Courses
The MOR Degree requires a minimum of 30 credit hours. To earn the Master’s of Operations Research, the student must:
1. Successfully complete five Core courses from the following list. Exceptions to this list may be made on a case-by-case basis.
OR 501 - Introduction to Operations Research
Units: 3
Operations Research [OR] is a discipline that involves the development and application of advanced analytical methods to aid complex decisions. This course will provide students with the skills to be able to apply a variety of analytical methods to a diverse set of applications. Methods considered include linear and mixed-integer programming, nonlinear and combinatorial optimization, network models, and machine learning. Focus will be on how to translate real-world problems into appropriate models and then how to apply computational procedures and data so that the models can be used as aids in making decisions. Applications will include improving the operation of a variety of different production and service systems, including healthcare delivery and transportation systems, and also how OR can be used to make better decisions in areas like sports, marketing, and project management. Prerequisites include undergraduate courses in single variable differential and integral calculus and an introductory course in probability.
Offered in Fall Spring Summer
OR 504 - Introduction to Mathematical Programming
Units: 3
Basic concepts of linear, nonlinear and dynamic programming theory. Not for majors in OR at Ph.D. level.
Offered in Fall Only
CSC 505 - Design and Analysis Of Algorithms
Units: 3
Algorithm design techniques: use of data structures, divide and conquer, dynamic programming, greedy techniques, local and global search. Complexity and analysis of algorithms: asymptotic analysis, worst case and average case, recurrences, lower bounds, NP-completeness. Algorithms for classical problems including sorting, searching and graph problems [connectivity, shortest paths, minimum spanning trees].
Offered in Fall Spring Summer
OR 506 - Algorithmic Methods in Nonlinear Programming
Units: 3
Introduction to methods for obtaining approximate solutions to unconstrained and constrained minimization problems of moderate size. Emphasis on geometrical interpretation and actual coordinate descent, steepest descent, Newton and quasi-Newton methods, conjugate gradient search, gradient projection and penalty function methods for constrained problems. Specialized problems and algorithms treated as time permits.
Offered in Fall Only
ST 512 - Statistical Methods For Researchers II
Units: 3
Covariance, multiple regression, curvilinear regression, concepts of experimental design, factorial experiments, confounded factorials, individual degrees of freedom and split-plot experiments. Computing laboratory addressing computational issues and use of statistical software.

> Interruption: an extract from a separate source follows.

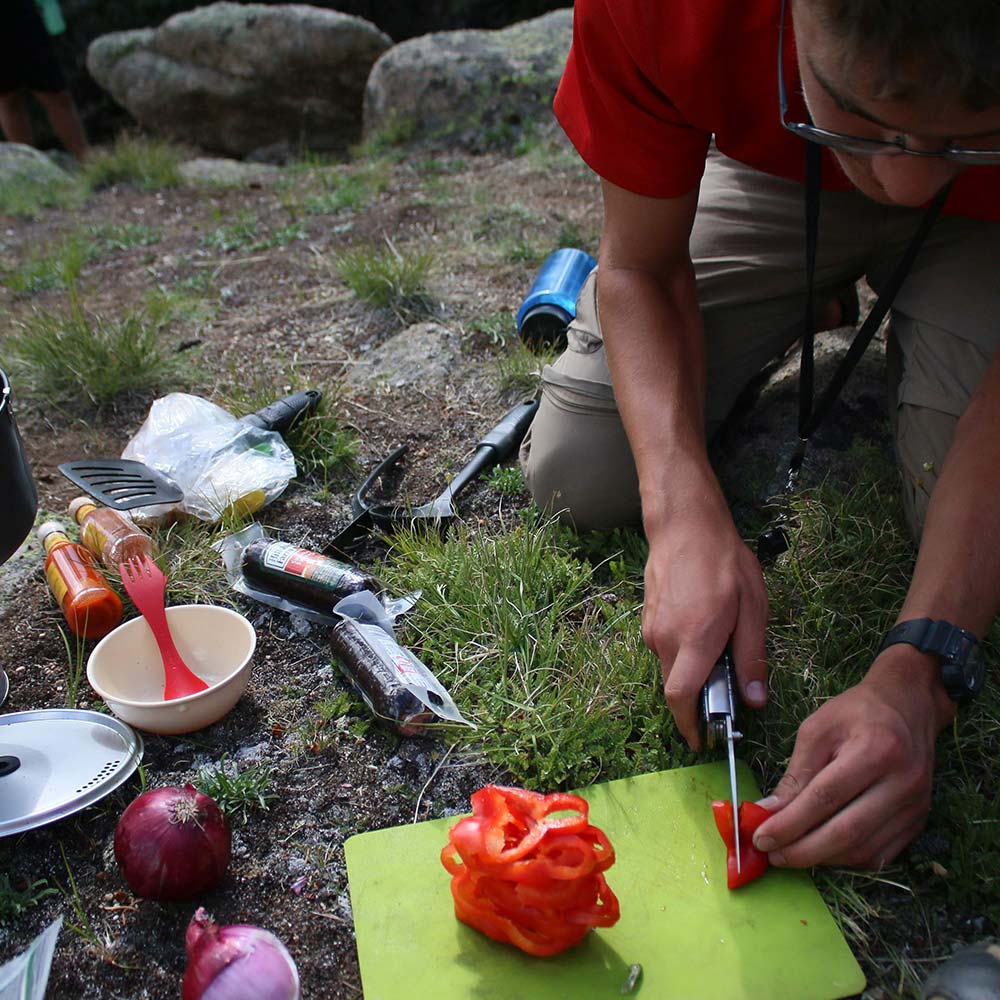 A student cooks dinner back at camp.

Offered in Fall Spring Summer
ST 516 - Experimental Statistics For Engineers II
Units: 3
This course is intended to give students a background in the methods of statistical analysis and design of experiments that will assist them in conducting research and analyzing data in engineering. Concentration in this course will be on principles of the design of experiments and analysis of variance and regression including post-hoc tests, inference for simple regression, multiple regression, and curvilinear regression.
Offered in Fall and Spring
ISE 537 - Statistical Models for Systems Analytics in Industrial Engineering
Units: 3
In this course, graduate students will learn basic data science methodologies. Examples of the methodologies include linear regression, generalized linear models, regularization and variable selection, and dimensionality reduction. In addition, students will also learn how to use these methods to solve real-world Industrial Engineering-related problems by analyzing industrial datasets and projects.
Offered in Spring Only
ISE 589 - Special Topics In Industrial Engineering
Units: 1 - 6
Special developments in some phase of industrial engineering using traditional course format. Identification of various specific topics and prerequisites for each section from term to term.

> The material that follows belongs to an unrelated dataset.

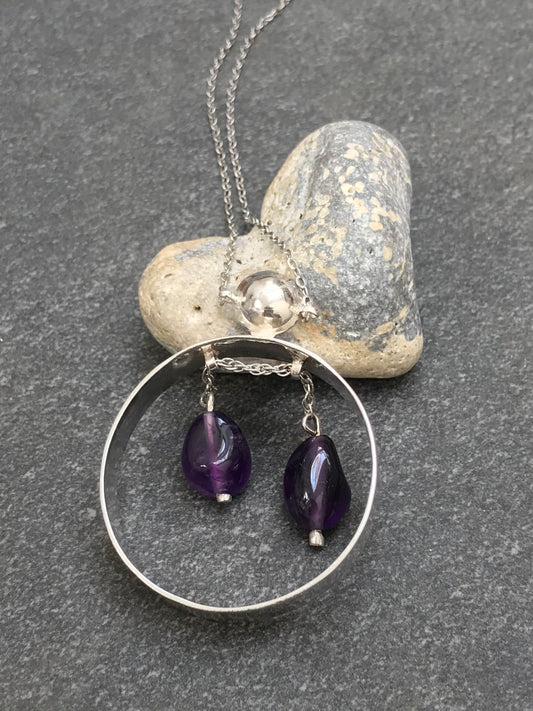 Unusual vintage circular sterling silver pendant with two amethyst drops suspended on a moving sterling silver chain.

OR 560 - Stochastic Models in Industrial Engineering
Units: 3
ISE/OR 560 will introduce mathematical modeling, analysis, and solution procedures applicable to uncertain [stochastic] production and service systems. Methodologies covered include probability theory and stochastic processes including discrete and continuous Markov processes. Applications relate to design and analysis of problems, capacity planning, inventory control, waiting lines, and service systems.
Offered in Fall Only
OR 562 - Simulation Modeling
Units: 3
This course concentrates on design, construction, and use of discrete/continuous simulation object-based models employing the SIMIO software, with application to manufacturing, service, and healthcare. The focus is on methods for modeling and analyzing complex problems using simulation objects. Analysis includes data-based modeling, process design, input modeling, output analysis, and the use of 3D animation with other graphical displays. Object-oriented modeling is used to extend models and enhance re-usability.
Offered in Spring Only
- Full core list
- Restriction 1: At least one of 505, 506, 709 MUST be chosen.
- Restriction 2: 504 and 505 cannot BOTH be used to satisfy this five course requirement.
2. Electives: Five additional courses should come from mathematics, engineering, statistics, computer science, or other STEM disciplines (e.g., econometrics, data science, etc.). Some business courses are also acceptable as electives. Questions regarding electives should be directed to the OR Director or the student’s faculty advisor.
3. Seminar: Enroll in OR 601 (OR Seminar) for one credit hour during residence. Students are expected to attend the seminar throughout their program.